# What are the critical points of f(x) = 3x-arcsin(x)?

Nov 1, 2015

$\setminus \pm \frac{2 \sqrt{2}}{3}$

#### Explanation:

To find critical points, simply derive and find zeroes of the derivative:

1. The derivative of $3 x$ is $3$;
2. The derivative of $\arcsin \left(x\right)$ is $\frac{1}{\sqrt{1 - {x}^{2}}}$;
3. The derivative of a difference of functions is the difference of the derivatives of the functions.

Put these three things along and you have

$\frac{d}{\mathrm{dx}} 3 x - \arcsin \left(x\right) = 3 - \frac{1}{\sqrt{1 - {x}^{2}}}$

Now we must find its zeroes:

$3 - \frac{1}{\sqrt{1 - {x}^{2}}} = 0$

$\setminus \iff$

$\frac{3 \sqrt{1 - {x}^{2}} - 1}{\sqrt{1 - {x}^{2}}} = 0$

$\setminus \iff$

$3 \sqrt{1 - {x}^{2}} - 1 = 0$

(provided $x \setminus \in \left(- 1 , 1\right)$)

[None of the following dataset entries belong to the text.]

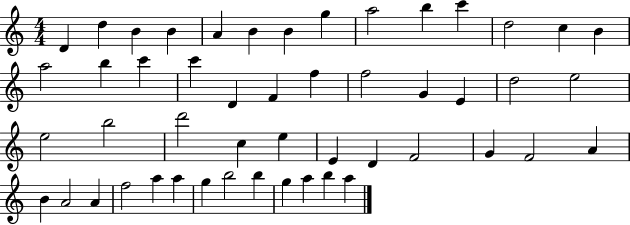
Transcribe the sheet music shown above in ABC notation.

X:1
T:Untitled
M:4/4
L:1/4
K:C
D d B B A B B g a2 b c' d2 c B a2 b c' c' D F f f2 G E d2 e2 e2 b2 d'2 c e E D F2 G F2 A B A2 A f2 a a g b2 b g a b a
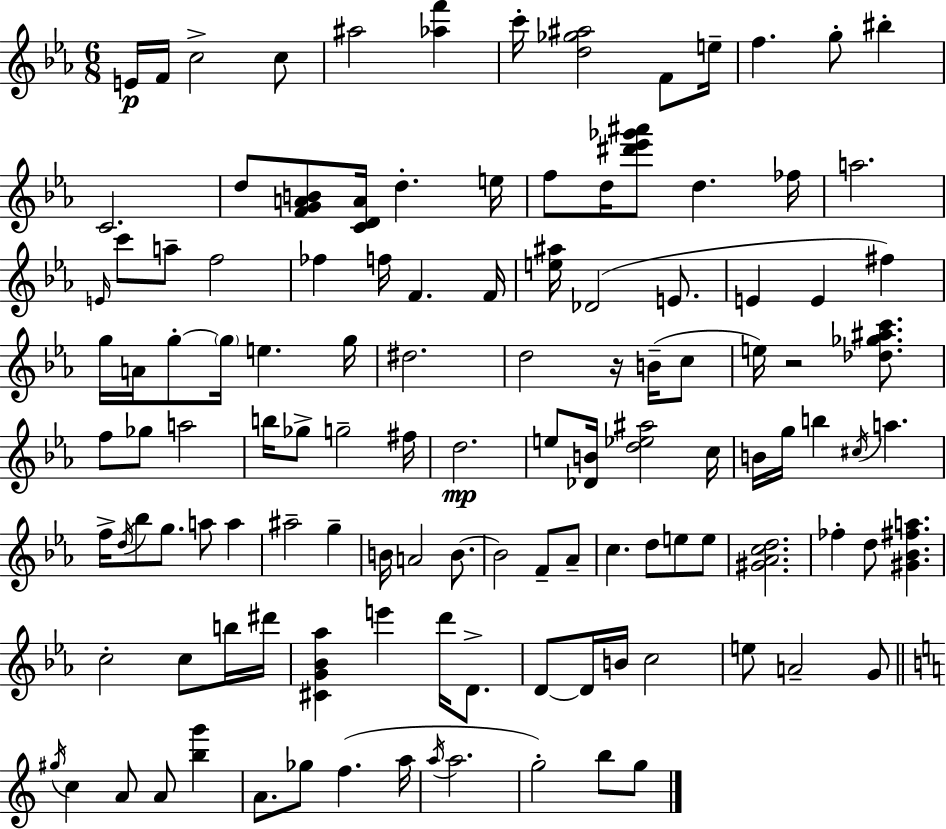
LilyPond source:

{
  \clef treble
  \numericTimeSignature
  \time 6/8
  \key c \minor
  e'16\p f'16 c''2-> c''8 | ais''2 <aes'' f'''>4 | c'''16-. <d'' ges'' ais''>2 f'8 e''16-- | f''4. g''8-. bis''4-. | \break c'2. | d''8 <f' g' a' b'>8 <c' d' a'>16 d''4.-. e''16 | f''8 d''16 <dis''' ees''' ges''' ais'''>8 d''4. fes''16 | a''2. | \break \grace { e'16 } c'''8 a''8-- f''2 | fes''4 f''16 f'4. | f'16 <e'' ais''>16 des'2( e'8. | e'4 e'4 fis''4) | \break g''16 a'16 g''8-.~~ \parenthesize g''16 e''4. | g''16 dis''2. | d''2 r16 b'16--( c''8 | e''16) r2 <des'' ges'' ais'' c'''>8. | \break f''8 ges''8 a''2 | b''16 ges''8-> g''2-- | fis''16 d''2.\mp | e''8 <des' b'>16 <d'' ees'' ais''>2 | \break c''16 b'16 g''16 b''4 \acciaccatura { cis''16 } a''4. | f''16-> \acciaccatura { d''16 } bes''8 g''8. a''8 a''4 | ais''2-- g''4-- | b'16 a'2 | \break b'8.~~ b'2 f'8-- | aes'8-- c''4. d''8 e''8 | e''8 <gis' aes' c'' d''>2. | fes''4-. d''8 <gis' bes' fis'' a''>4. | \break c''2-. c''8 | b''16 dis'''16 <cis' g' bes' aes''>4 e'''4 d'''16 | d'8.-> d'8~~ d'16 b'16 c''2 | e''8 a'2-- | \break g'8 \bar "||" \break \key c \major \acciaccatura { gis''16 } c''4 a'8 a'8 <b'' g'''>4 | a'8. ges''8 f''4.( | a''16 \acciaccatura { a''16 } a''2. | g''2-.) b''8 | \break g''8 \bar "|."
}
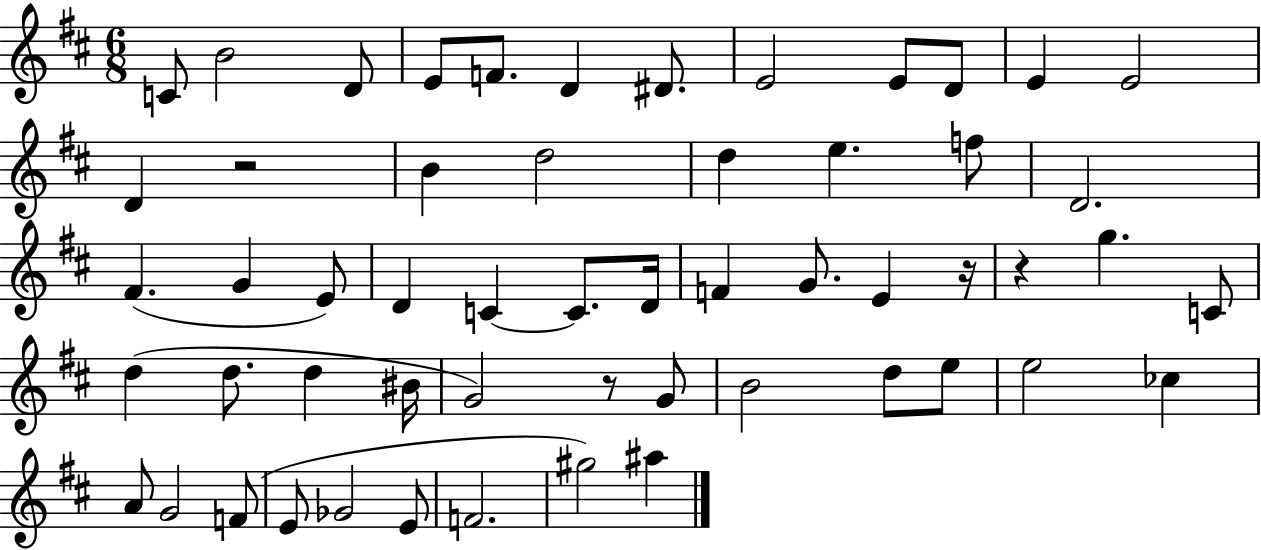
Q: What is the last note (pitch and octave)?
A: A#5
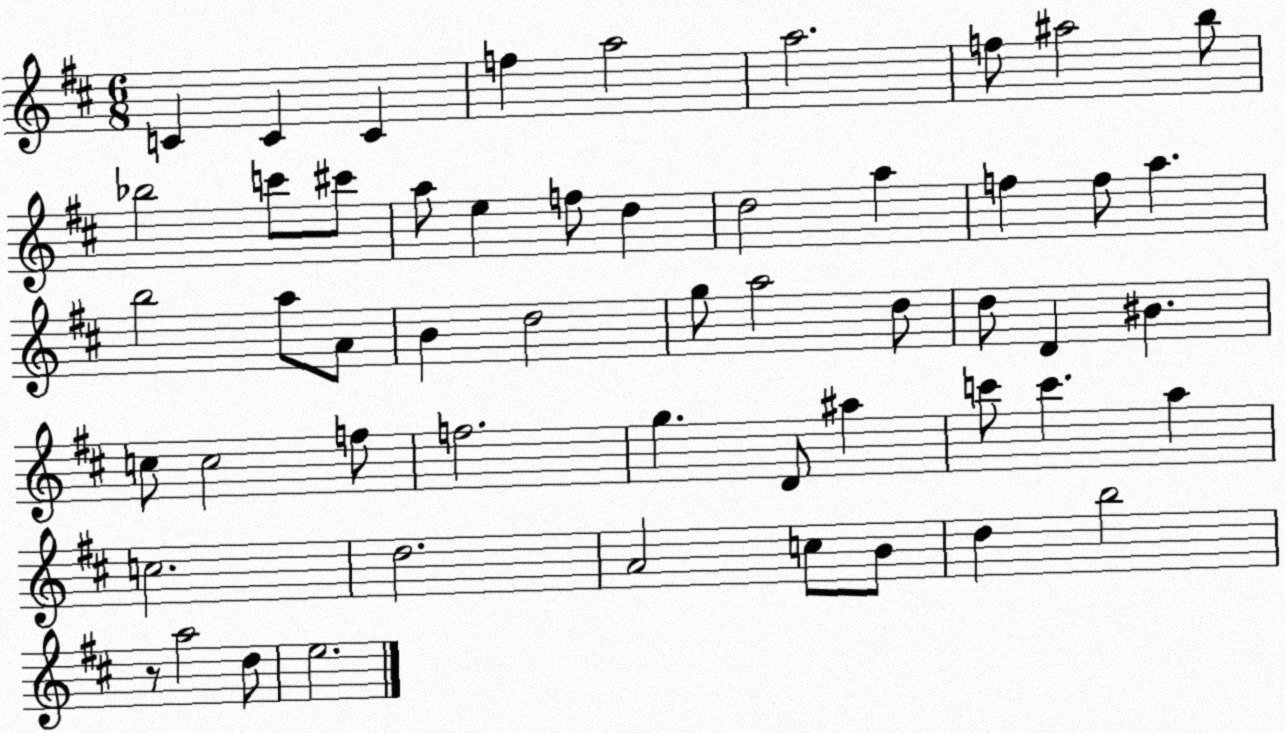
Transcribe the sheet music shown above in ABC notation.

X:1
T:Untitled
M:6/8
L:1/4
K:D
C C C f a2 a2 f/2 ^a2 b/2 _b2 c'/2 ^c'/2 a/2 e f/2 d d2 a f f/2 a b2 a/2 A/2 B d2 g/2 a2 d/2 d/2 D ^B c/2 c2 f/2 f2 g D/2 ^a c'/2 c' a c2 d2 A2 c/2 B/2 d b2 z/2 a2 d/2 e2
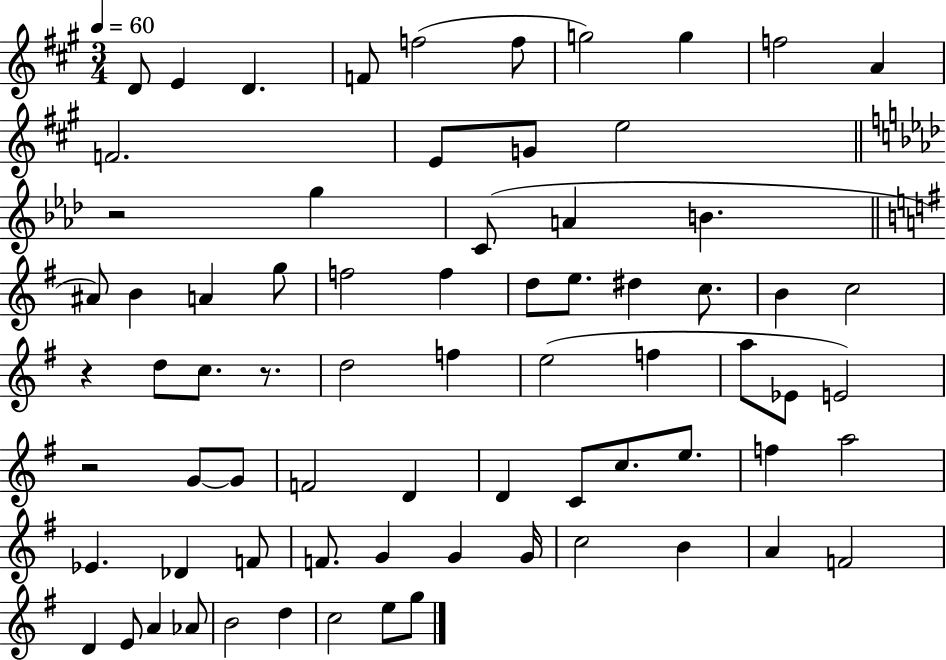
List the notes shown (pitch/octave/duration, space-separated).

D4/e E4/q D4/q. F4/e F5/h F5/e G5/h G5/q F5/h A4/q F4/h. E4/e G4/e E5/h R/h G5/q C4/e A4/q B4/q. A#4/e B4/q A4/q G5/e F5/h F5/q D5/e E5/e. D#5/q C5/e. B4/q C5/h R/q D5/e C5/e. R/e. D5/h F5/q E5/h F5/q A5/e Eb4/e E4/h R/h G4/e G4/e F4/h D4/q D4/q C4/e C5/e. E5/e. F5/q A5/h Eb4/q. Db4/q F4/e F4/e. G4/q G4/q G4/s C5/h B4/q A4/q F4/h D4/q E4/e A4/q Ab4/e B4/h D5/q C5/h E5/e G5/e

We can easily solve this last equation:

$3 \sqrt{1 - {x}^{2}} = 1$

$\setminus \iff$

$\sqrt{1 - {x}^{2}} = \frac{1}{3}$

$\setminus \iff$

$1 - {x}^{2} = \frac{1}{9}$

$\iff$

${x}^{2} = \frac{8}{9}$

$\iff$

$x = \setminus \pm \sqrt{\frac{8}{9}} = \setminus \pm \frac{2 \sqrt{2}}{3}$

And since $\setminus \pm \sqrt{\frac{8}{9}} \setminus \in \left(- 1 , 1\right)$, we can accept the result.